As a hitter, Dean Chance made Koufax look like Ted Williams. Chance was the worst ever. He was cross-eyed, which probably helped make him so effective as a pitcher. Once, he foul tipped one and they stopped the game....:D

skate
08-31-2006, 03:42 PM
man oh man , i learned a lot bout BB, brought back some nice recollections.

i agree, with postings

i was, in my mind, watching (i've not seen him much), R. Howard the other night.it is what he does with the "ultimate hit" home run, and not really the everyday single (which is tough enough).
granted he is big and he needs some practice with fielding.
but just looking at the swing, it is not reckless, but pure. his opponents know what is coming and are helpless.
the stat i like the most, he is the leading hitter, with 2 strikes. could be luck, sure a little, but this guy is a Musiel/Stargil type player.
how can this be...? nice guy to boot. i mean not boot but...

bigmack
08-31-2006, 05:29 PM
Griffey Jr. Best swing there is.........
Smooth as butter. It's so effortless that facially he appears without a care in world, perfectly at ease.

falconridge
08-31-2006, 06:25 PM
As a hitter, Dean Chance made Koufax look like Ted Williams. Chance was the worst ever. He was cross-eyed, which probably helped make him so effective as a pitcher. Once, he foul tipped one and they stopped the game....:DGot me there, Unsoaped One. Before the A's moved from Kansas City to Oakland, I didn't follow the American League much, but I do remember Chance. I believe he at least threatened Bob Buhl's record for futility (70 at-bats over a full season, with nary a hit), if he didn't break it. I recall reading a Sport magazine article in which the Angel right-hander disputed a teammate's claim that, in more than 40 at-bats, Chance hadn't so much as driven a ball out of the infield. Statistician Allan Roth confirmed that Chance was right: weeks earlier he had popped out to third base; though the AB was properly recorded as a simple F-5, the third-sacker had had to backpedal about ten feet onto the outfield grass to bring down Chance's mighty blast!

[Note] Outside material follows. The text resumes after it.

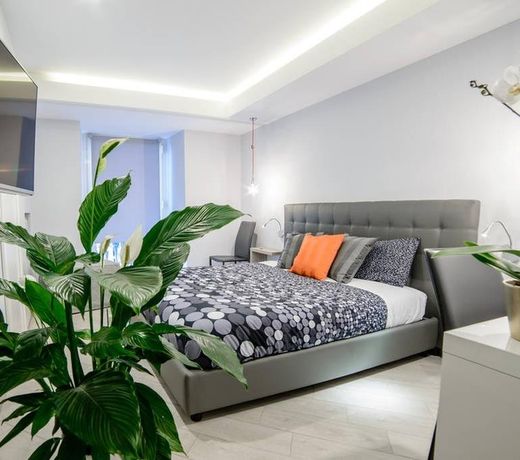 Riviera Luxury Suites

Some good-hitting pitchers from the 1950s and '60s:

Bobby Shantz--especially during his years with the Philadelphia A's; great all-round athlete;
Don Drysdale--always a long-ball threat; went "yard" seven times one season;
Warren Spahn--never an automatic out, even as a quadragenarian;
Tony Cloninger--Milwaukee Braves' righty hit two slams vs. the Giants in one game at Candlestick; piled up nine RBI (which bettered Vic Raschi's single-game record for a pitcher) in that tilt while narrowly missing on a bid for a third round-tripper (knocked down at the warning track by a Candlestick gale--which hadn't aided either of his slams)
Bob Gibson--the ultimate battler, on the mound, at the plate ... or in the street, sandlot, or trenches;
Earl Wilson--homered 35 times (ya kiddin' me?) over eleven seasons with the Bosox and Tigers;
Catfish Hunter--country boy could larrup that ol' horsehide;

and maybe the best of the lot ...

Don Newcombe--led '55 Bums in slugging percentage; offensive stats for that season: AB: 117; hits: 42; doubles: 9; triples: 1; HR: 7; RBI: 23; BA: .359; slugging pct: .632. Oh, yeah; he also won 20 games, and went the distance 17 times.

shanta
08-31-2006, 06:42 PM
Robinson Cano has the sweetest swing in the game. This young one is special in my opine.

Richie :)

bigmack
08-31-2006, 06:50 PM
Don Newcombe--led '55 Bums in slugging percentage; offensive stats for that season: AB: 117; hits: 42; doubles: 9; triples: 1; HR: 7; RBI: 23; BA: .359; slugging pct: .632. Oh, yeah; he also won 20 games, and went the distance 17 times.
Now you're talkin'

falconridge
08-31-2006, 08:02 PM
I'm a little surprised that nobody has yet mentioned Barry Bonds' stroke. Yes, I know he's been playing under clouds of suspicion of all kinds of skullduggery, but his swing (even before he found a way to pack on 30 pounds of muscle in early middle-age) was always a thing of beauty--efficiently compact, but (again, notwithstanding the possibility--or likelihood, if you will--of its being 'roided up) the epitome of power and grace.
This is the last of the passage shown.